With the recent passage by the United States Congress to extend the availability of 99 weeks of unemployment insurance for an additional 18 months a unique question arises, "Does longer term unemployment benefits affect migration flows?"

From a humanitarian aspect I am a supporter of unemployment insurance. For intervals of somewhere between ninety days and six months, unemployment insurance is an important facet of civilized society. Unemployment insurance reduces the inflammation of societal unrest and generally provides a much needed safety net for not only the unemployed individual and his or her direct creditors, but his or her community as well. That said, is long term unemployment insurance creating distortions in the labor market?

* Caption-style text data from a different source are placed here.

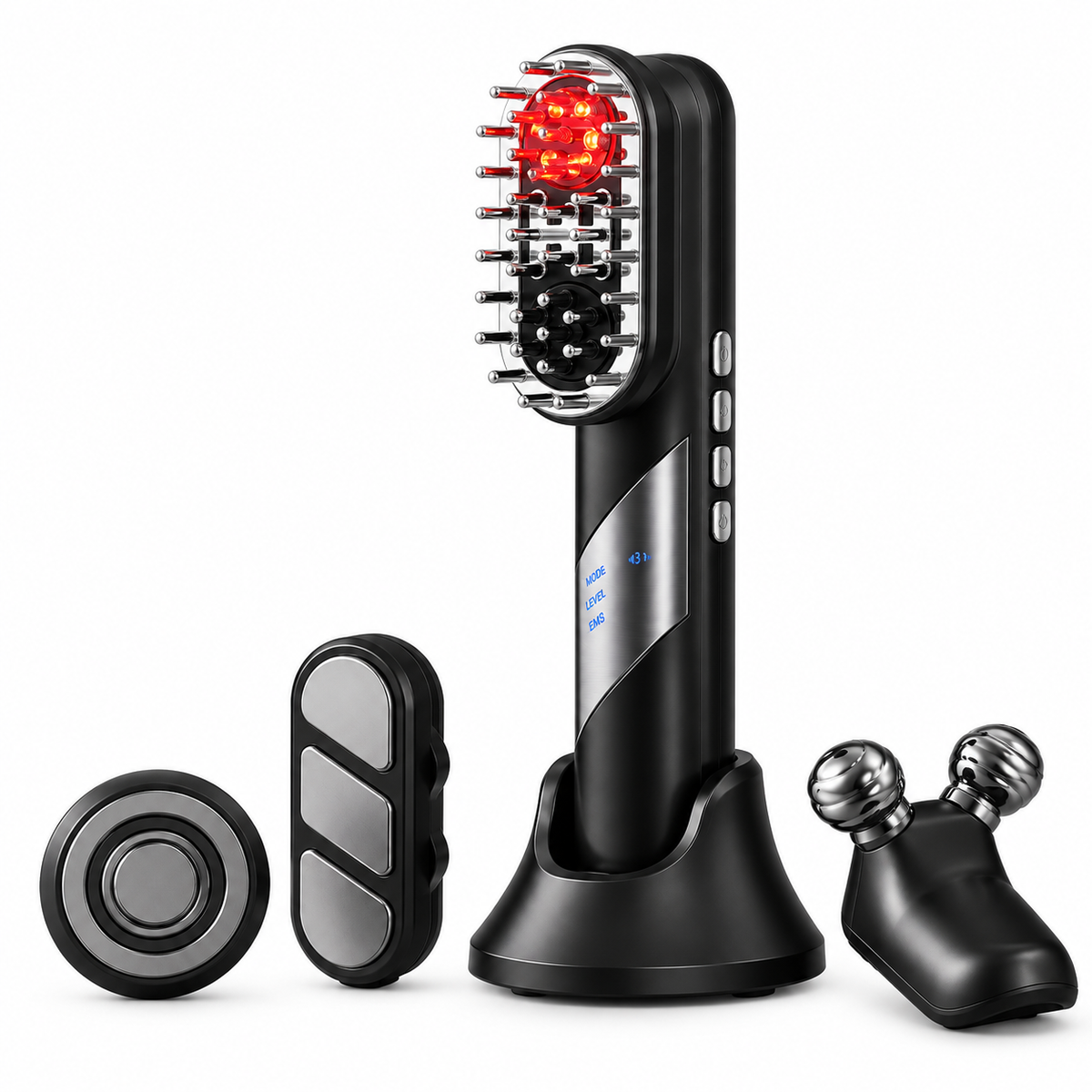 Sculpt360 - 4-in-1 EMS, Red Light & Massage Device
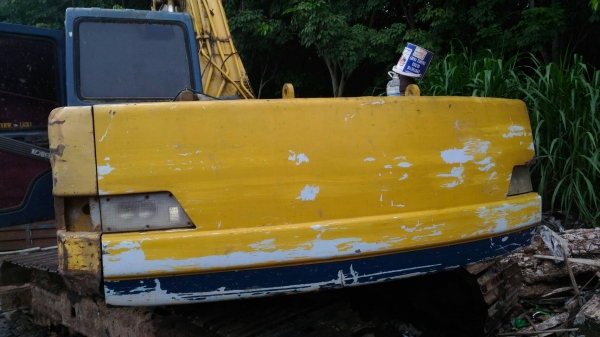 ขายรถแบคโฮ KOBELCO SK200-/// เอกสารเล่มทะเบียน ราคา 460000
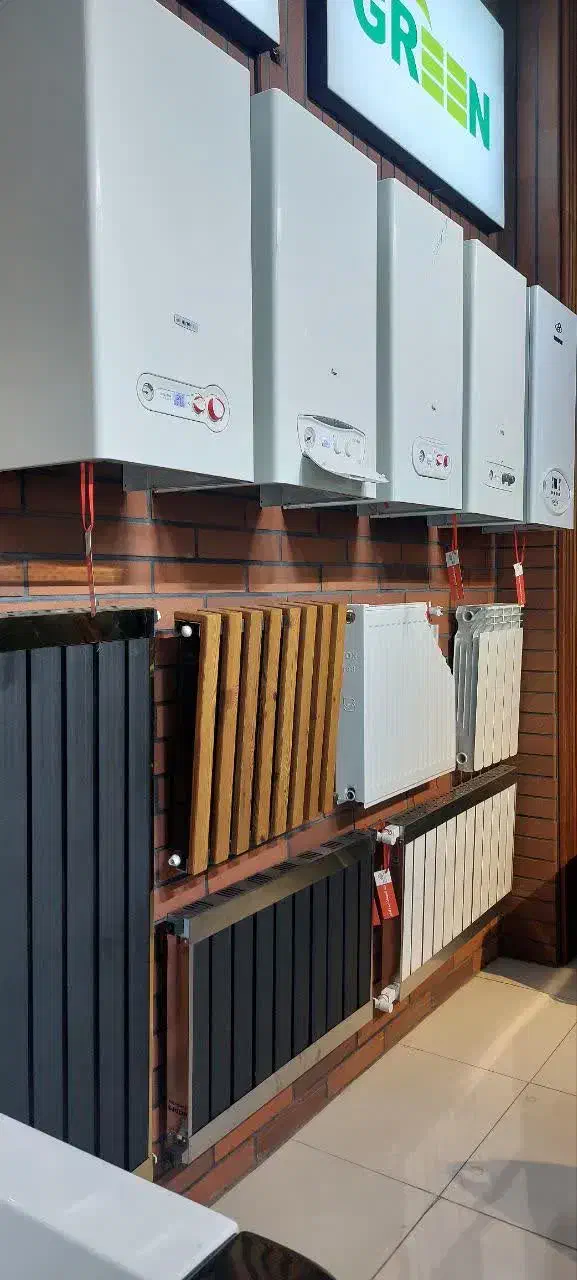 پکیج و رادیاتور|آبگرمکن، پکیج، شوفاژ|قم, بلوار امین و ساحلی|دیوار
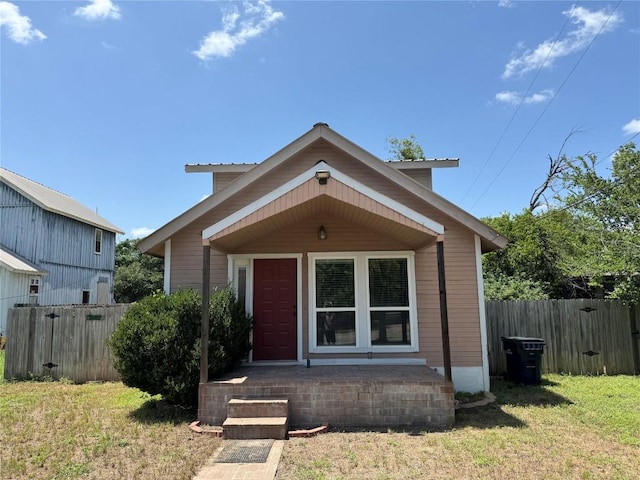 572 Eastern Ave, Bertram, TX 78605 - view of bungalow-style home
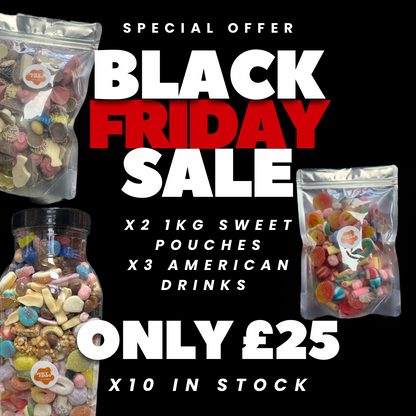 Black Friday Pick N Mix & Drink Offer - Limited Stock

Here is the rub: Joe loses his job in California where he lives with his family. His children are in school, his mother works in town and all his brothers and sisters are nearby. It is a perfect situation, well at least until the factory closed last week. Now, Joe really needs, and in fact wants, to get back to work. The problem is that the town has been hard hit and jobs like his just aren't available. What does Joe do?

Well, assuming unemployment benefits are a "necessary" safety net, meaning Joe doesn't have adequate savings to wait for employment, Joe would certainly be forced to move if no benefits were available. As a national average, despite recent trends indicating the savings rate of Americans is on the rise (over 7% at last reporting), Americans are ninety days from being broke. This means that if our Joe is in fact an "average Joe," he has ninety days to replace his paycheck or face a dire circumstance.

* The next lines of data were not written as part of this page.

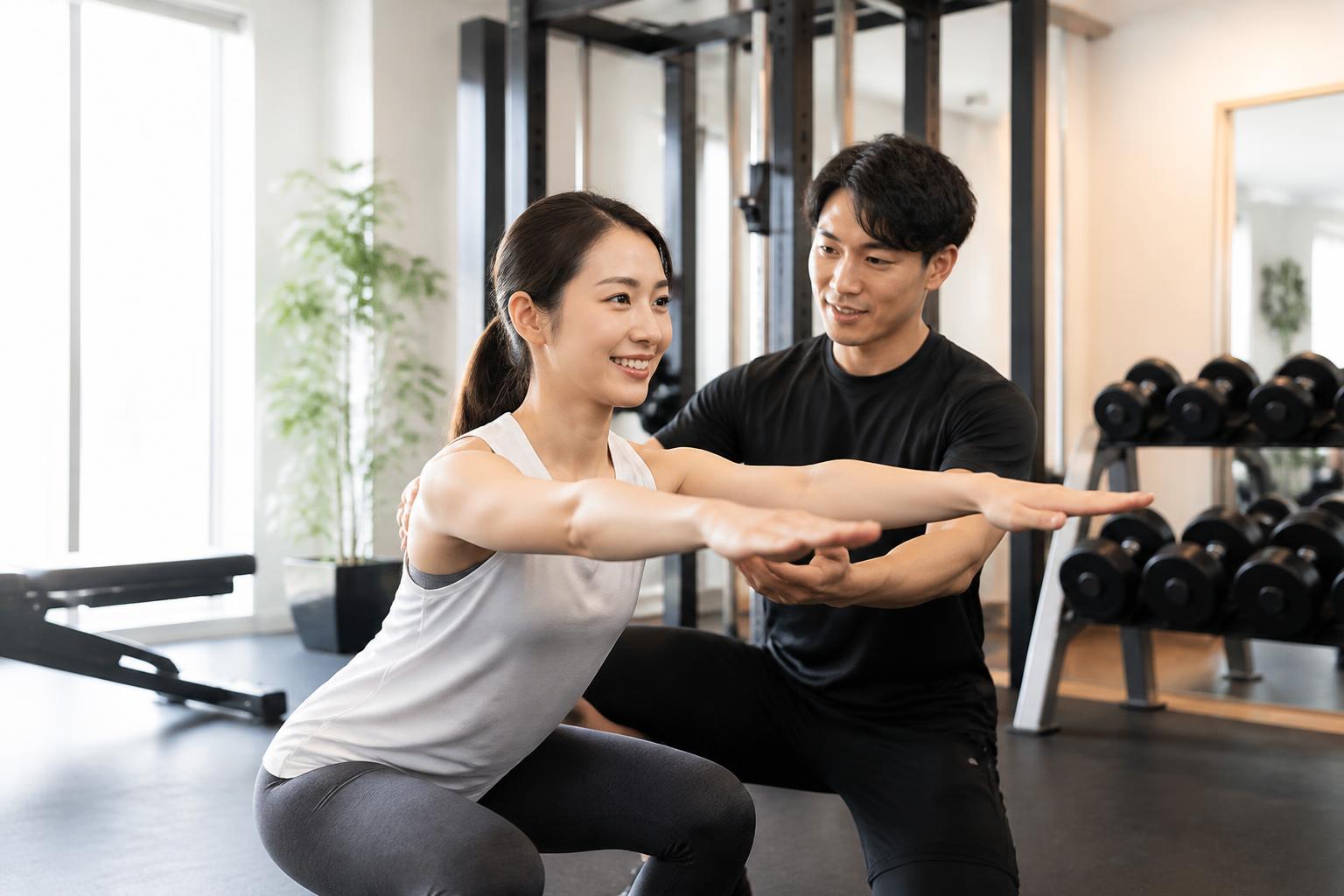 草香江のトレーニングスタジオで成果を出すための秘訣は？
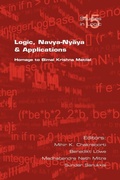 Cover: Logic, Navya-Nyaya and Its Applications - College Publications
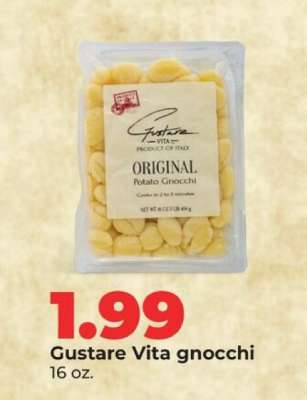 Gustare Vita gnocchi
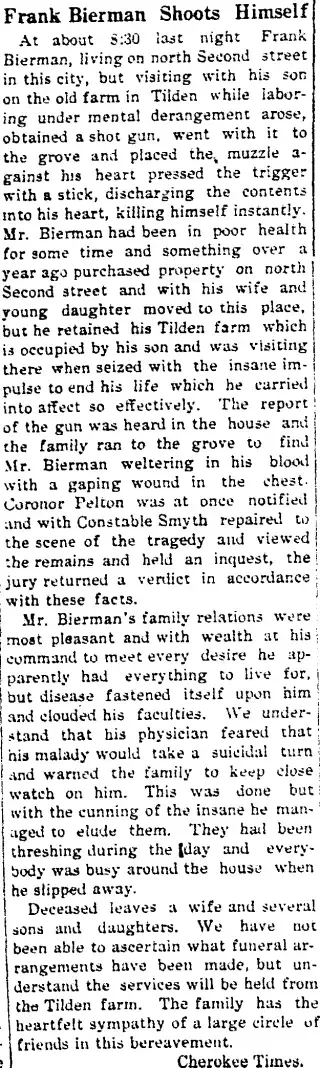 other Newspaper clipping from Sep 1, 1911 5729012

With the extension of unemployment benefits, workers are given a longer period to replace employment. With ninety-nine weeks of benefits and ninety days of savings, the unemployed are given the option to "wait and see." The drastic, life altering, option of uprooting oneself and leaving family behind, becomes a more distant last resort. While quite understandable, is this behavior causing market distortions in the National labor market?

Currently the Midwest, meaning Nebraska, Iowa, South Dakota, North Dakota, Kansas, Oklahoma all have unemployment ranges far below the National Average. That said, California, Nevada, Arizona, Florida are well above the National Average. Also, these relative levels have remained since the first of signs of the Great Recession in 2008 three years prior. With the current era's speed of travel and the ability of job seekers to connect with prospective employers in an instant through the Internet, why is it taking so long for people to move to more favorable job markets?

Desirability ? Inability to sell one's house? Familial roots? Perceived standard of living? Regardless of the validity of one or all of these reasons- all of them are luxuries. Starvation, homelessness and inability to provide the basic necessities certainly would trump them. During the Reconstruction Era Depression or the Dust Bowl Americans migrated far and wide to search out opportunities for work. Even in more recent recessions such as the energy crisis of the 1970's, I had the personal experience of watching my father move away to find work leaving my working mother behind to care for me while he settled into a more prosperous region. Labor moved to meet capital. The rebuilding process inert in capitalism's cycle of life thus began again.

While I am not selling one that capitalism is the paramount economic system, nor am I suggesting that providing those without isn't noble- I am merely asking whether in a capitalistic system prolonged benefits are distorting the natural reallocation of labor and capital? If the answer is yes, the more important question is: Whether the prolonged benefits will in fact work in putting Americans to work in their hometowns or whether in the end the invisible hand will force these individuals to move regardless?